For the past few days you may have noticed that we’ve been experiencing intermittent service issues. I want to shed a little light on what has been going on, as well as what we’re doing to mitigate future downtimes in the short and long term.
The evening of February 19th, our servers began experiencing significant packet loss, which caused increased response times and random server crashes/restarts. Our hosting provider switched to a backup upstream provider, which solved the majority of the issues.
The next day, February 20th, we experienced a similar degree of packet loss. Our hosting provider switched back to the backup provider which mitigated most of the problems. After some investigation it was determined that the packet loss was attributed to a large scale distributed denial of service attack within the Seattle area, affecting many different providers.
This brings us to downtime throughout the day today, the 21st. This one was our fault. Our database received unusually large load this morning, which caused the querying of a very large table to bring down the server. No data was lost as a result of this outage.
So what are we doing to fix these issues?
For our problems today on the 21st, we’ve cleaned up that huge table. This immediately made responses faster (imagine that). We’re putting checks in place to prevent that table from getting too big in the future. We’re also in the process of splitting apps to different servers. In the past, running 30 apps or so on each server all using the same database server has been fine, but we’re rapidly reaching the point where this is no longer going to scale with the amount of requests we receive on a daily basis. We consider this a good problem!
We also want to ensure that courses still work (paid and free) if possible during outages like this. We’re drawing up plans to make this happen.

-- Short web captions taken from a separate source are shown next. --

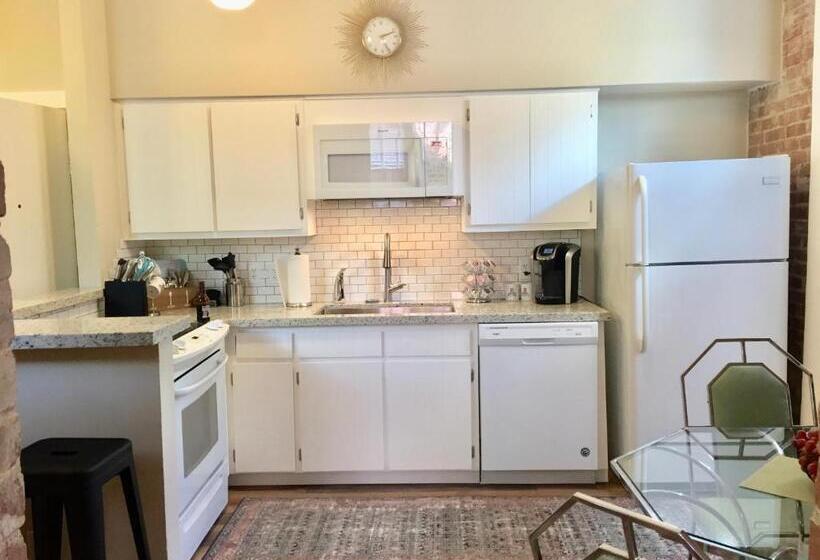 Bisbee Brownstone Suites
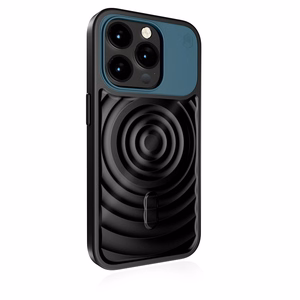 STM Reawaken Ripple MagSafe -suojakuori iPhone 15 Pro Max -laitteelle, musta Atlantic-sinisillä yksityiskohdilla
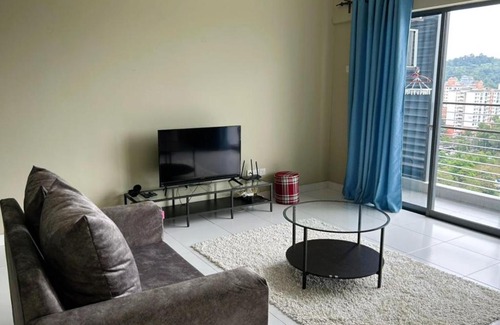 Puchong Apartment | Convenient 2 Bed Condo with Pool near LRT Pusat Bandar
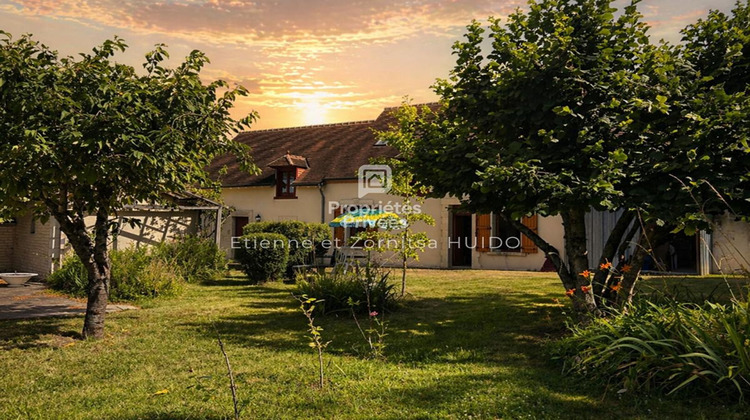 Ma-Cabane - Vente Maison LA CHAPELLE SAINT LAURIAN, 370 m²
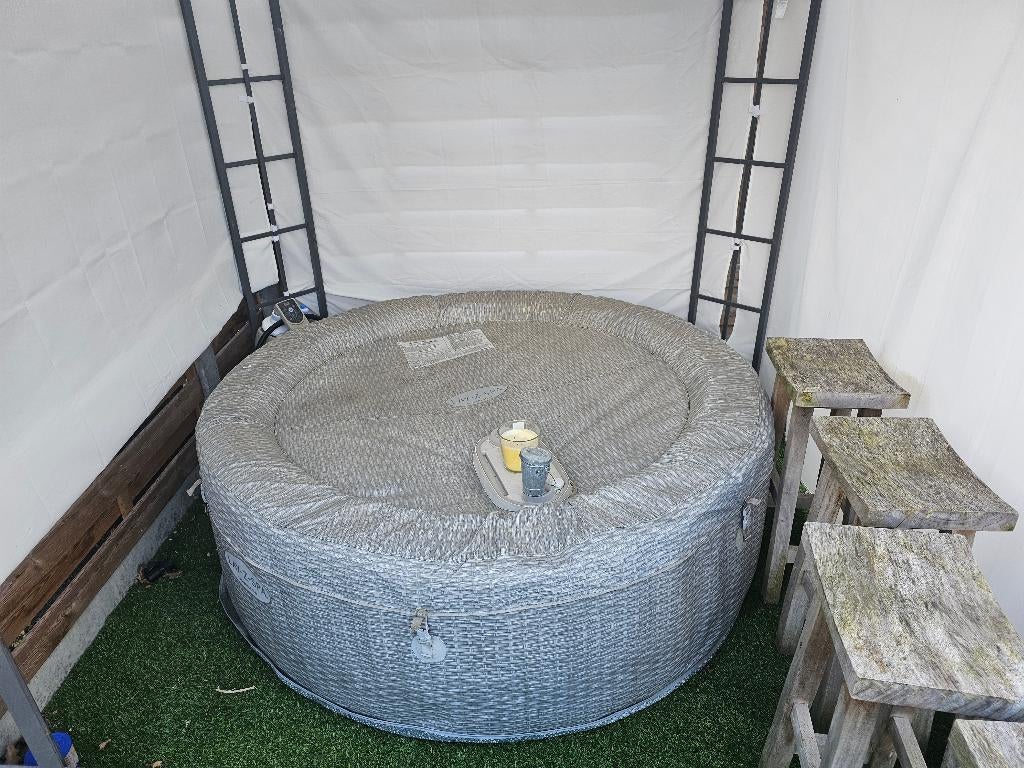 Opblaasbare jacuzzi, Tuin en Terras, Ophalen, Gebruikt, Filter, Opblaasbaar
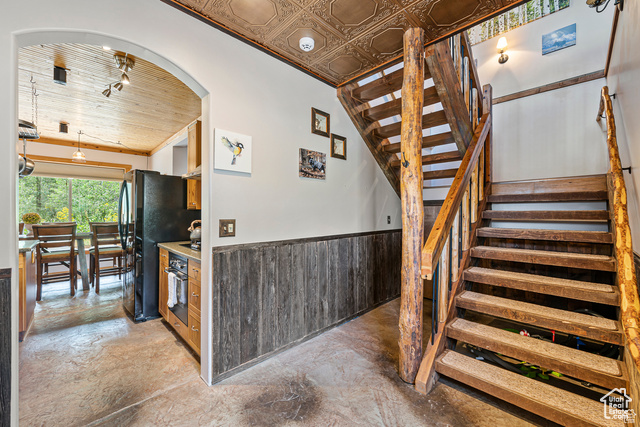 Photo 5 for MLS #2106231 at 2029 W Tollgate Rd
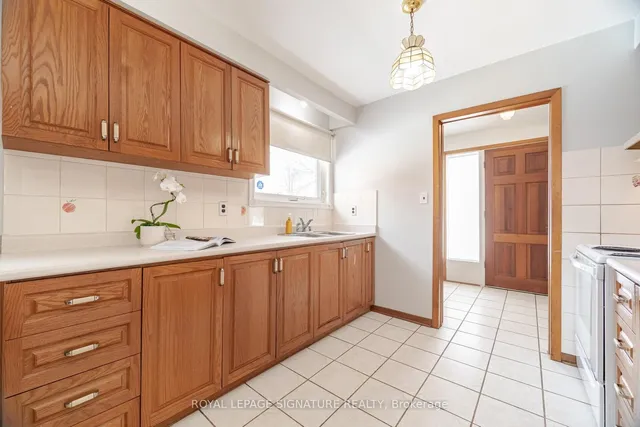 Additional property image - 7132 Codlin Ave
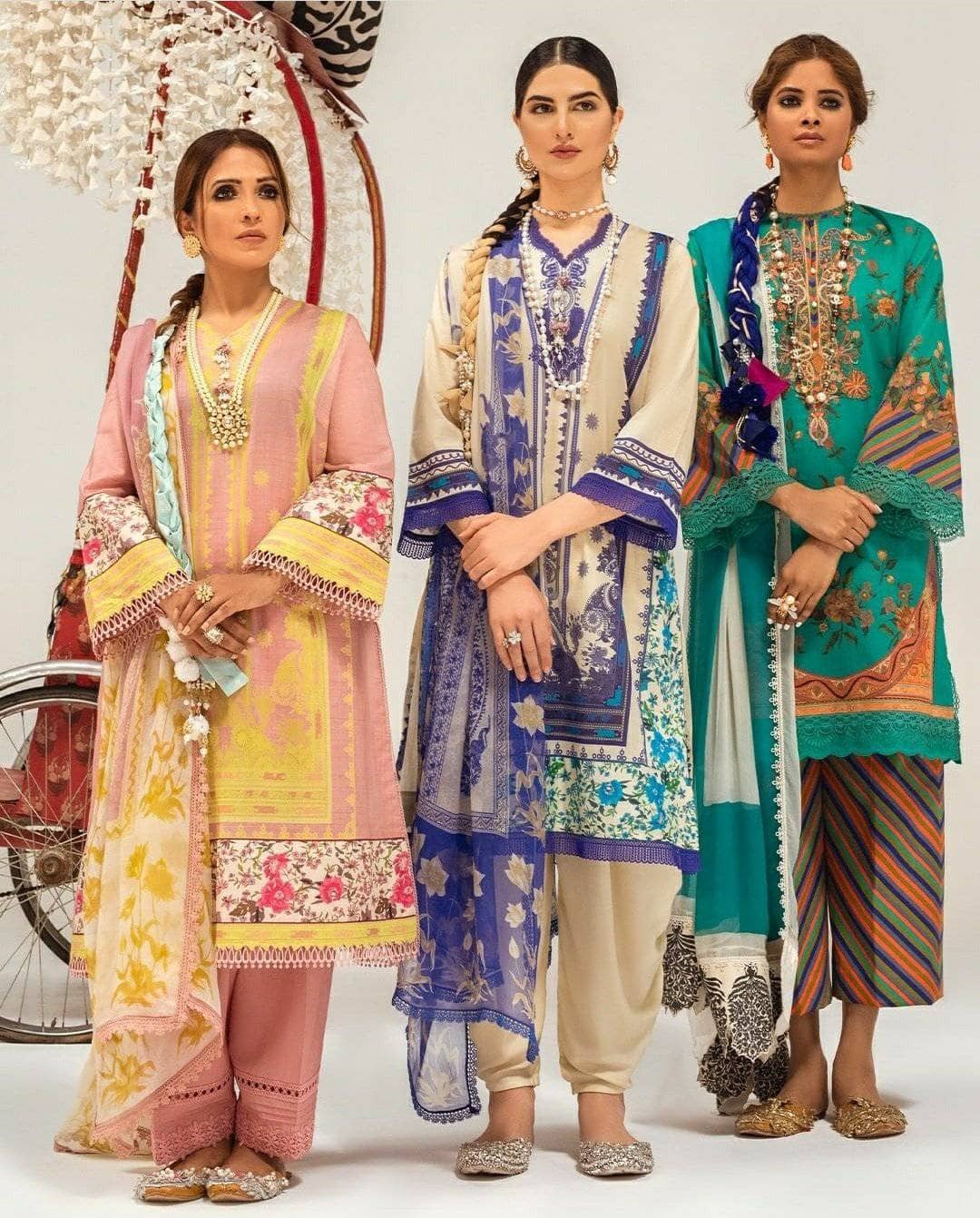 img_sana_safinaz_mahay_lawn_2021_awwal_boutique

The packet loss problem is a bit more complex. We’ve been wanting for a long time to get the deployment process for our entire infrastructure to be more portable. The goal being that we can push a button and temporarily move our entire infrastructure to a new data center and/or host if our current host is experiencing persistent problems. We’ve been putting together plans for a long time now, but it hasn’t been a large priority, until now. We’re shuffling people around to work on this. This will allow us to recover much faster in the future from these longer duration outages that can result from upstream attacks.